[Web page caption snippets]

⟨

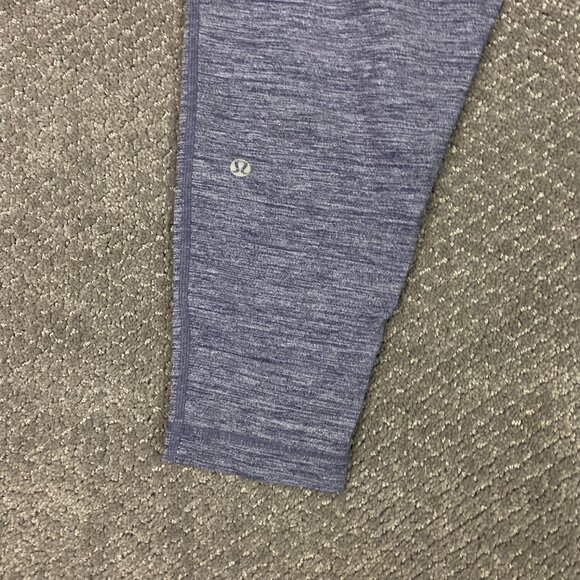 Lululemon Grey Happy Hotha Slouch Crotch Harem Pants Women's 6 Gray Yoga Pants - Picture 5 of 12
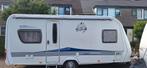 Hobby 495 UFE Caravan - Perfect voor uw vakantie!, Caravans en Kamperen, Caravans, Omvormbare zithoek, Hobby, Particulier, Luifel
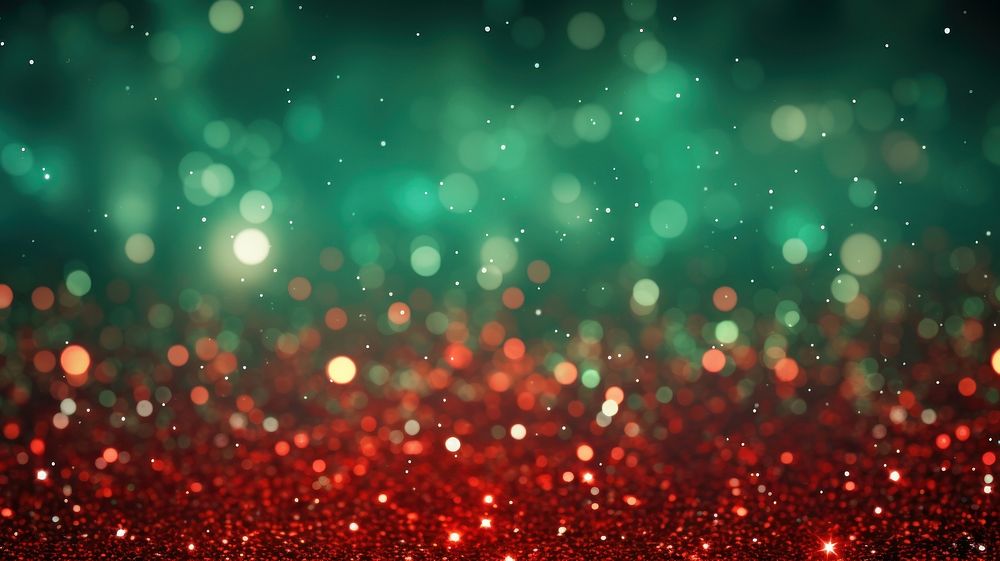 Glitter backgrounds christmas outdoors. AI generated Image by rawpixel.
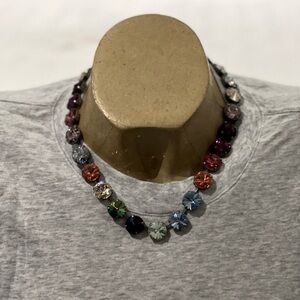 Rebekah Price Multi Rivoli Necklace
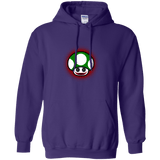 Sweatshirts Purple / Small Up Joker Pullover Hoodie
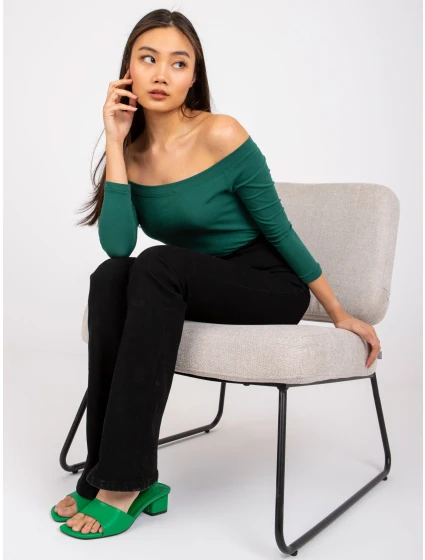 Halenka RV BZ model 14829302 tmavě zelená - FPrice Halenka RV BZ model 14829302 tmavě zelená - FPrice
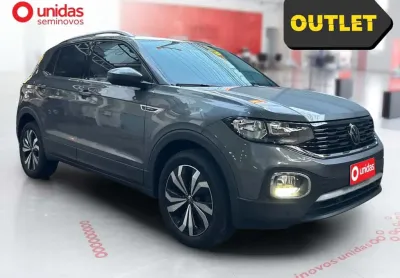 Volkswagen t-cross 2024 1.4 250 tsi total flex highline automático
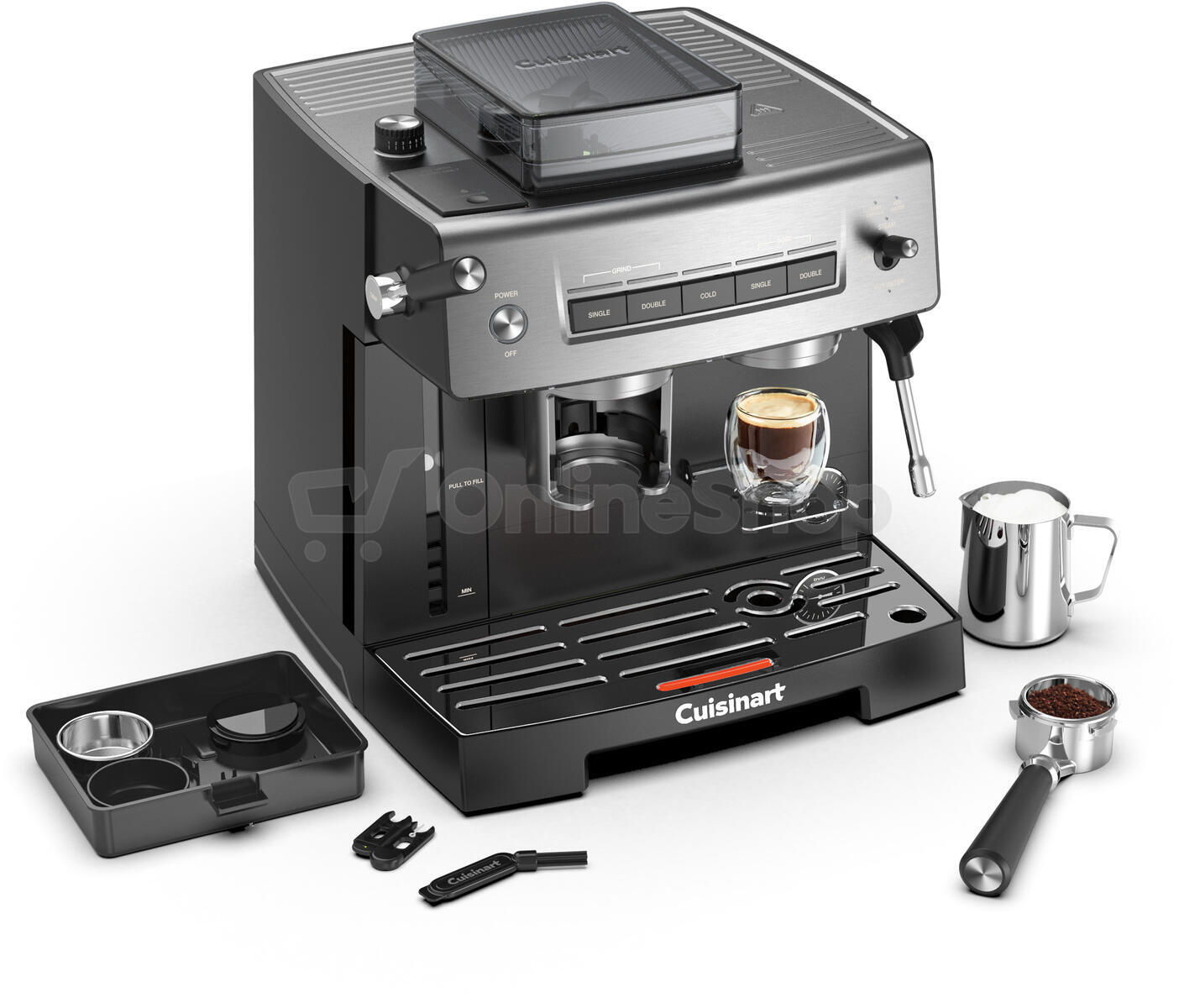Pákový kávovar Cuisinart EM640E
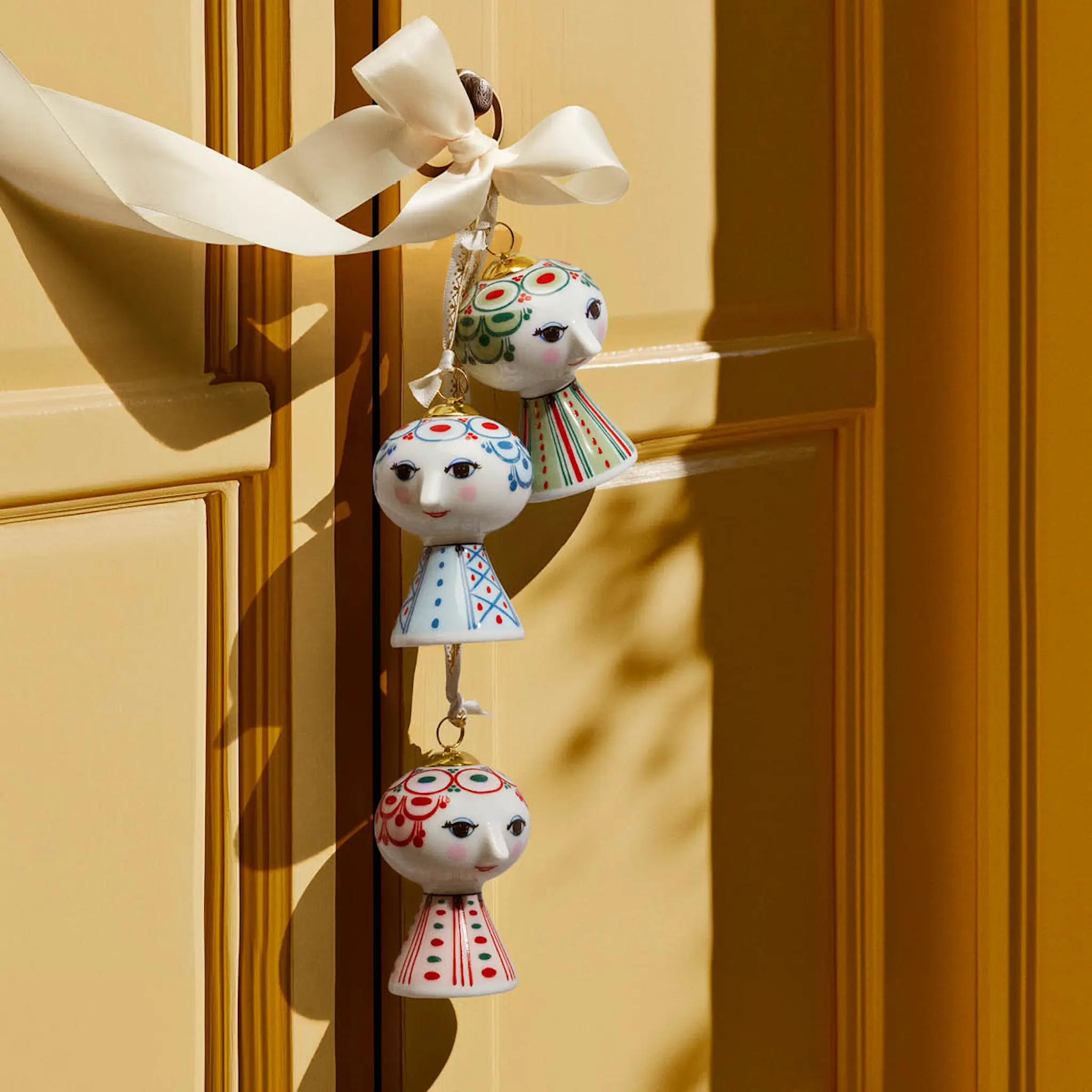 Bjørn Wiinblad Eva Joulukoriste 2025 7,5 cm Punainen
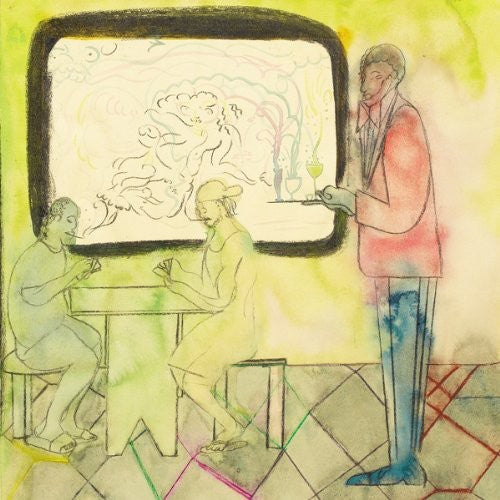 the album cover for Dobie - We Will Not Harm You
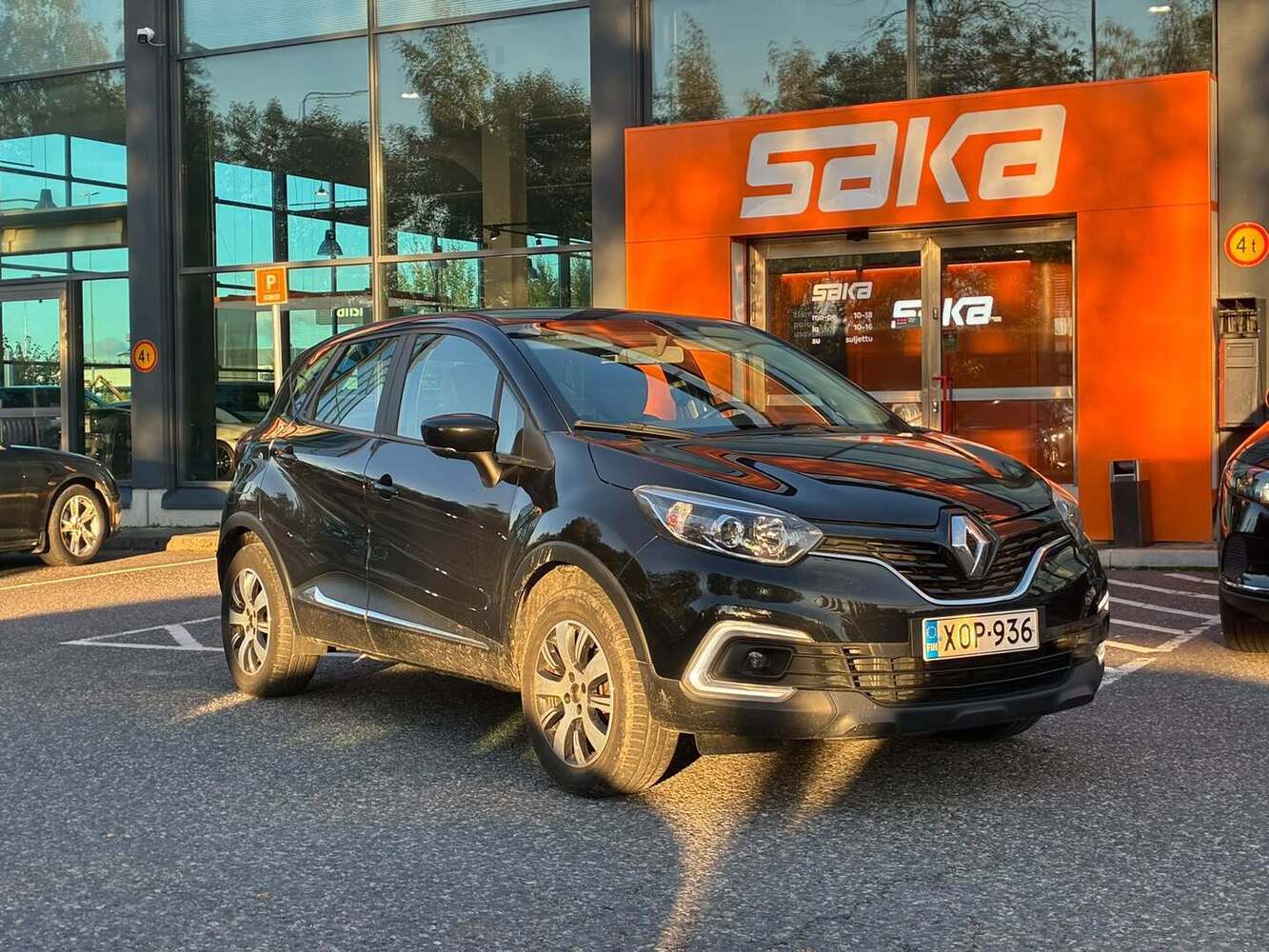 Renault Captur vaihtoauto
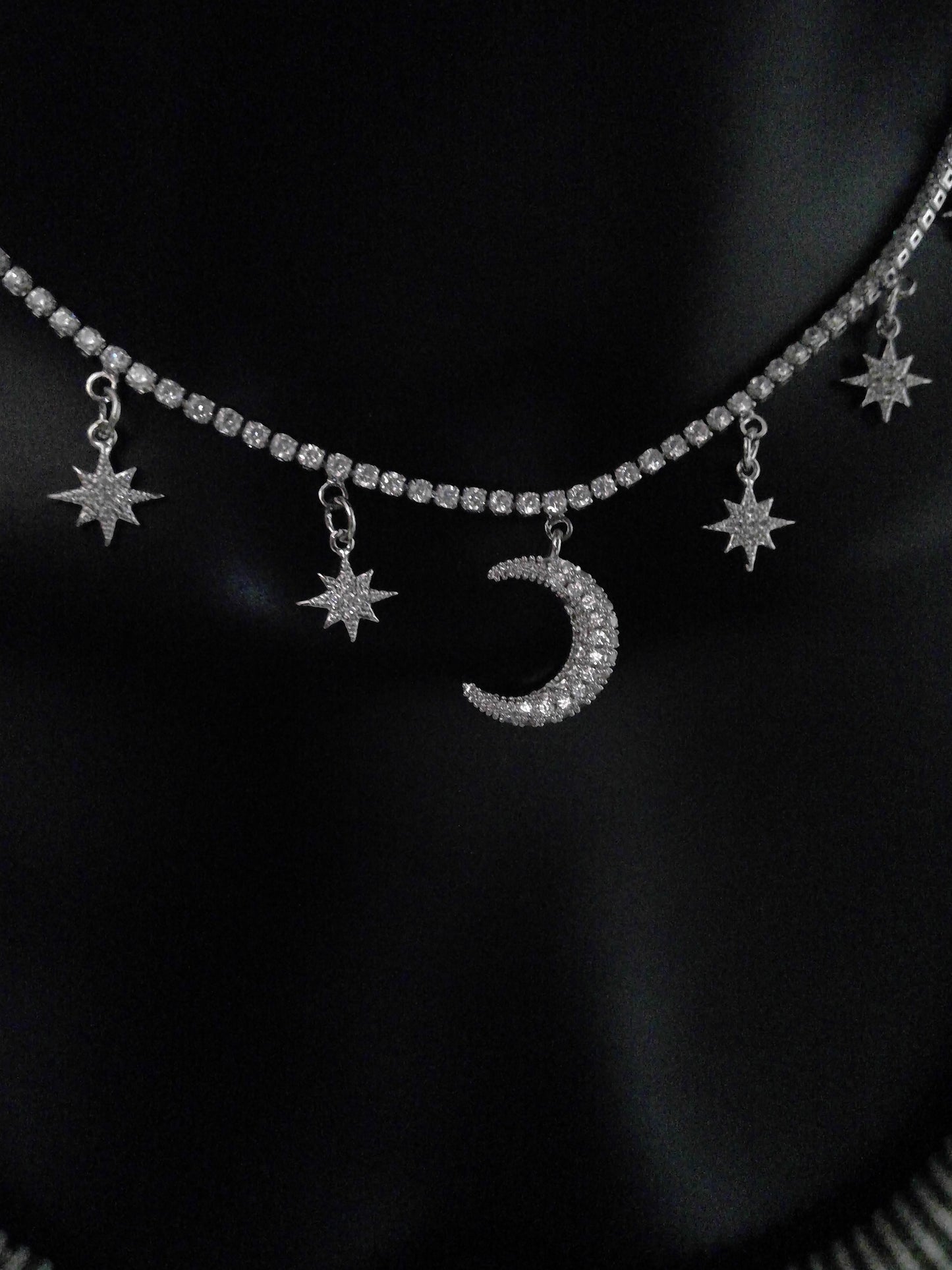 Constellation Silver Plated Necklace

⟩

### Problem details
The lines to be transcribed are those from the first line of the data above through the line holding "Hobby 495 UFE", inclusive; copy them exactly and only, leaving out the pictures.

### Exercise answer
 Lululemon Grey Happy Hotha Slouch Crotch Harem Pants Women's 6 Gray Yoga Pants - Picture 5 of 12
 Hobby 495 UFE Caravan - Perfect voor uw vakantie!, Caravans en Kamperen, Caravans, Omvormbare zithoek, Hobby, Particulier, Luifel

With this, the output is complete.